Alan Sepinwall is probably the foremost critic of the Golden Age of Television, so I think it is fitting that he has written a book about the show that, in my view, marks the end of TVs Golden Age.
Historian will debate exactly when the Golden Age began and ended, but I think that two reasonable benchmarks are the span between two most recent writers strikes (2007-2023) and the last episode of The Sopranos to the finale of Better Call Saul (2007-2022).
While "The Sopranos" and its lighter companion "Sex and the City" heavily influenced the Golden Age, I would argue that the Golden Age is defined by responses to these two shows on the drama/dramedy side and responses to 30Rock and Louie (2006/2010) on the comedy side.
The writers strike of 2023 was precipitated by changing economics of streaming and one of its causes--opaque viewership data--also led Wall Street to force streamers to add advertising to their content, thus ending the first era of streaming. In short, the types of shows that garnered niche audiences and critical acclaim were no longer going to work in this never environment and so TV is now bigger and broader.
Though "Better Call Saul" aired on cable (as did Mad Men and Breaking Bad, two other defining works of the Golden Age) it exemplifies all that is great about so-called prestige television, a kind of show that has since been displaced by "prestigurals" which incorporate broader elements of traditional broadcast television.
"Better Call Saul," like Breaking Bad before it, was a crime show (though this one was more legal drama than cops and robbers), but it specialized in type of heavily-serialized, cinematic, sometimes-low-stakes, patient, intellectual storytelling that was unheard of on TV before The Sopranos and has begun to disappear again (despite a few shows like The White Lotus miraculously still getting on the air). The show also exemplifies the "Difficult Man" style of prestige drama with a mysterious, troubled, morally grey characters destined to win Emmys for their actors at its center.

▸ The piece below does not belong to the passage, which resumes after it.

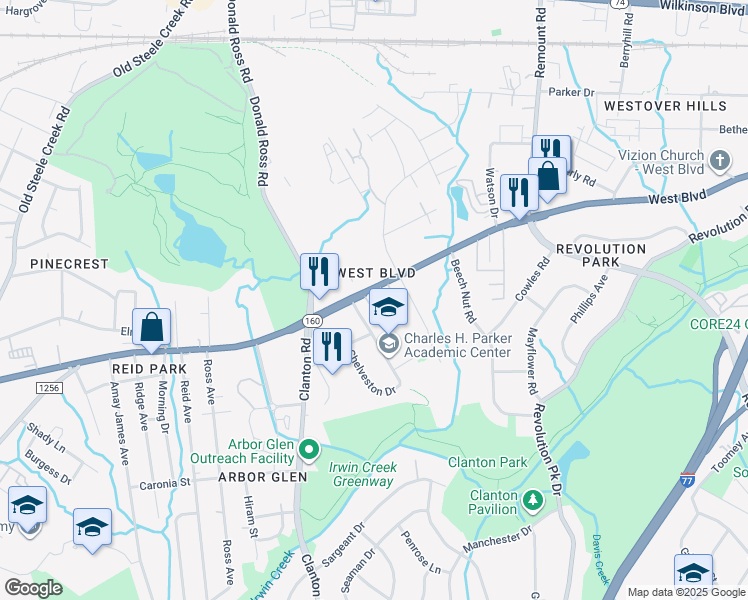 map of restaurants, bars, coffee shops, grocery stores, and more near 1918 West Boulevard in Charlotte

"Saul" is not only a perfect example of these two television tendencies, it is also one of the greatest shows of all time, and so it is worthy of the kind of exhaustive attention Sepinwall (and generally only Sepinwall in terms of publishing books) is capable of lavishing on a show he loves. This book includes recaps of every episode that he was paid to write at various publications and in-depth interviews with writers and stars of the show. It should be noted that with the demolition of digital media in the last half-decade or so, critics who are paid to write this sort of thing are in even shorter supply than the shows they once wrote about.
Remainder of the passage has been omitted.